Vor nicht einmal zwei Monaten haben federführend IBM, HP und Red Hat die Open Virtualization Alliance gegründet. Vom Start waren BMC, Intel, Novells inzwischen als Attachmate-Company agierende Suse-Sparte und Eucalyptus Software dabei. Erklärtes Ziel der Initiative ist es, die Nutzung offener Virtualisierungstechnologien voranzutreiben. Konkret bedeutet das, für die Kernel-based Virtual Machine (KVM) weitere Unternehmen und Entwickler zu gewinnen, anhand von erfolgreichen Implementierungen bei Kunden deren Nutzen darzustellen und den Wert von Interoperabilität stärker ins Bewusstsein der Unternehmen zu rücken.
Ähnliche Initiativen mit anderen Zielen gibt es immer wieder. Meist wecken sie nur begrenztes Interesse und haben lediglich bescheidene Auswirkungen: Wird den beteiligten Firmen klar, dass eine Menge Arbeit notwendig ist, um ihr in Sonntagsreden so schön klingendes Anliegen durchzusetzen, erlahmt der erste Schwung. Eine Zeit lang prangt noch das Logo des Verbandes auf Webseiten und Marketingmaterialien – aber irgendwann verschwindet auch dass und die Initiative dient höchstens noch dazu, in Ungnade gefallene Führungskräfte elegant aufs Abstellgleis zu schieben.

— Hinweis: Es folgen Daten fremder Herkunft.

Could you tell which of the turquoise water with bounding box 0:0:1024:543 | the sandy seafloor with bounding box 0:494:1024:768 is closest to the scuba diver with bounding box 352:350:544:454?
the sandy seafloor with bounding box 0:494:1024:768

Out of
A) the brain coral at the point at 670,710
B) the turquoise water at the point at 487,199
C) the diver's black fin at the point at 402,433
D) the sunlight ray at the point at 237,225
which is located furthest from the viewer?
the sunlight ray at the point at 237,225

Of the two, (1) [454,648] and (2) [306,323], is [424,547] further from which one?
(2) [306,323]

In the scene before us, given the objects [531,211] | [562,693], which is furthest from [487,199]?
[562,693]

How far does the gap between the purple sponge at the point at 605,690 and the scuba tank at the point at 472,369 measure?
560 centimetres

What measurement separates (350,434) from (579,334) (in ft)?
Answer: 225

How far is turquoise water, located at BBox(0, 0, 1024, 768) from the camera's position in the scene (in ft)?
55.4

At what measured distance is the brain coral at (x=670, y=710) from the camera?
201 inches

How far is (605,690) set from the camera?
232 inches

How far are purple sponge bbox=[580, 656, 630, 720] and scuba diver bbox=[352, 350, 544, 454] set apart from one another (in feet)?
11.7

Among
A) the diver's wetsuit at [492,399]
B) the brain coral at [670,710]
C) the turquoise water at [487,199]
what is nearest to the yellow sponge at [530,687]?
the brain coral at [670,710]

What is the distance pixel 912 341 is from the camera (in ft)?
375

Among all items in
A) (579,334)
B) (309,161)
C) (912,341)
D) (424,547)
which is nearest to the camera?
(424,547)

Bei der Open Virtualization Alliance scheint das jedoch anders zu sein. Sie konnte eines ihrer Anliegen schon in weiten Teilen ereichen: Weitere Firmen zur Teilnahme zu gewinnen. Binnen weniger Wochen nach Gründung waren es 65 Neuzugänge, auf der Website tauchen derzeit deutlich über 70 Firmenlogos auf und nach Angaben von Red-Hat-Europachef Werner Knoblich haben bereits über 100 ihre Mitgliedschaft beantragt.

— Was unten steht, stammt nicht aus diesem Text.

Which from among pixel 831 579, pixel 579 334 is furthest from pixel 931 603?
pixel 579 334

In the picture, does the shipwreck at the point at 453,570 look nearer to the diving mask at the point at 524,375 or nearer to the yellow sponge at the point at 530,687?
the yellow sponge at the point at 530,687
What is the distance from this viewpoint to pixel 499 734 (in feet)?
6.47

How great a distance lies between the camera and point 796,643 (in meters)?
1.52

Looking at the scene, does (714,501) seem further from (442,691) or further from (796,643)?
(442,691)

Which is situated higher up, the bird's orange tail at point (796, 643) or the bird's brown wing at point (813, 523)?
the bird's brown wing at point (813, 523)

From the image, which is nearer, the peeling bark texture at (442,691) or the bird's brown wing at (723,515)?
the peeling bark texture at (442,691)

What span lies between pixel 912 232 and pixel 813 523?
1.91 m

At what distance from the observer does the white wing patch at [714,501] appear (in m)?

Der Hypervisor ist das nächste Betriebssystem
Was bringt IBM und HP, die sich sonst Spinnefeind sind, dazu, in einer Initiative mitzuarbeiten? Warum schließen sich nicht nur Satelliten der beiden IT-Größen und die üblichen Verdächtigen aus der Open-Source-Szene, sondern auch Branchengrößen wie Dell und CA der Organisation an? Und was löst das hohe Interesse so vieler Firmen aus?
Die Antwort ist einfach: Angst. „Der Hypervisor ist das nächste Betriebssystem“, so Knoblich. Niemand habe ein Interesse daran, dass ein neuer Closed-Source-Anbieter entstehe, der so wie Microsoft vor zehn Jahren, mit seiner Software die Hardware kontrolliere.

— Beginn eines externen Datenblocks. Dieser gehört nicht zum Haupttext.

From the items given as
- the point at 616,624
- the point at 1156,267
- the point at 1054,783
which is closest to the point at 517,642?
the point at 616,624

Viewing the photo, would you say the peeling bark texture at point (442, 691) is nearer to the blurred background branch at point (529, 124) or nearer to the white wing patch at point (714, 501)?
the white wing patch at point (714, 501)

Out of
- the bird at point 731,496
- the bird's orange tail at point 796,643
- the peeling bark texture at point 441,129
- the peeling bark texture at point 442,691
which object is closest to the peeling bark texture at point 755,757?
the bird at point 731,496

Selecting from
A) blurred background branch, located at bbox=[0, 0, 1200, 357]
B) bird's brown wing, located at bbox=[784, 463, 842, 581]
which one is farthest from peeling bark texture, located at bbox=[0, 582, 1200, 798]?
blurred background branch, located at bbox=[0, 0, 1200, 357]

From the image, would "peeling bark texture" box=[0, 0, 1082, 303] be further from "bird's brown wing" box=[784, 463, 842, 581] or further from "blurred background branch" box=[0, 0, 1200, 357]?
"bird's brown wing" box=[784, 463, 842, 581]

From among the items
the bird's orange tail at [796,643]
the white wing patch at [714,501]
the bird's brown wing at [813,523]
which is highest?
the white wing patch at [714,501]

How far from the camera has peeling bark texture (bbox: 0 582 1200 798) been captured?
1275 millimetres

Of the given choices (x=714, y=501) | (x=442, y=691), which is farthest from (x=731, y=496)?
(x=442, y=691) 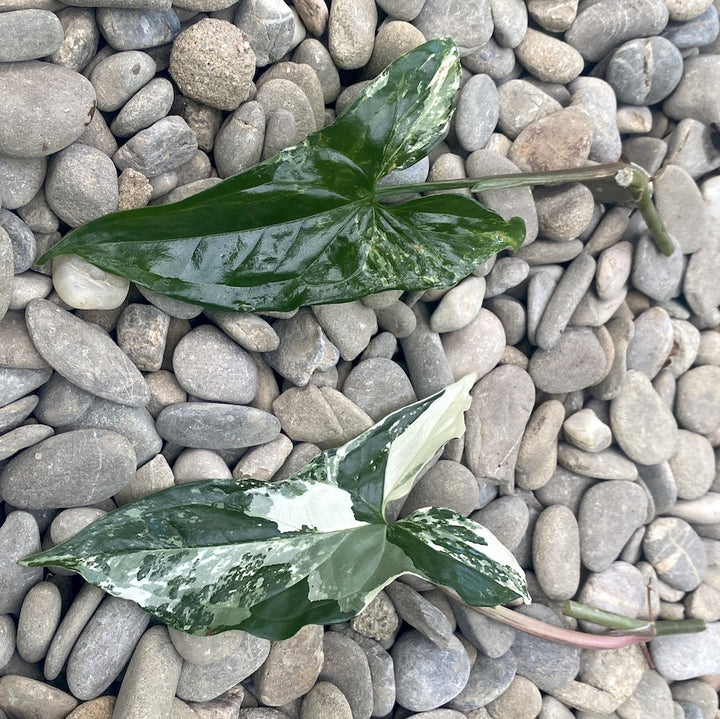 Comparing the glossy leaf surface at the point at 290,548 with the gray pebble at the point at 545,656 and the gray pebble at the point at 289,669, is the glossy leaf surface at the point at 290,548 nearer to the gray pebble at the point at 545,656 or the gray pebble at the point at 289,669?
the gray pebble at the point at 289,669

Bei IBM, HP und Dell kommt sicher noch hinzu, dass trotz der engen Technologiepartnerschaften, die alle drei mit dem Unternehmen unterhalten, für sie VMware letztendlich doch ein Teil von EMC ist. Und EMC ist nicht nur ihr ärgster Widersacher im Storage-Geschäft, sondern bedroht als Teil des in der Virtual Computing Environment Coalition eng verknüpften Trios, Cisco, EMC und VMware auch andere Pfründe der großen Serverhersteller.
Die Partnerschaft mit VMware sind also sowohl bei Dell als auch bei Hewlett-Packard und IBM nur widerwillige Zweckbündnisse – auch wenn die Firmen im Alltag anderes behaupten. Dass Intel, Gründungsmitglied der Open Virtualization Alliance, beim Joint Venture Acadia mit den drei Mitgliedern der Virtual Computing Environment Coalition unter einer Decke steckt, ist nur auf den ersten Blick ein Widerspruch. Auf den zweiten zeigt diese Tatsache, dass alle großen Firmen zwischen taktischen und strategischen Zielen und Maßnahmen unterscheiden – und dass sich im Augenblick fast keiner traut, auf ein Pferd zu setzen, sondern alle ihre Einsätze verteilen.
Deutsche Firmen in der Open Virtualization Alliance
Kleine haben es da manchmal einfacher – und können offener und ehrlicher antworten. ZDNet hat daher einige Firmen aus dem deutschsprachigen Raum nach ihren Beweggründen gefragt, der Open Virtualization Alliance beizutreten.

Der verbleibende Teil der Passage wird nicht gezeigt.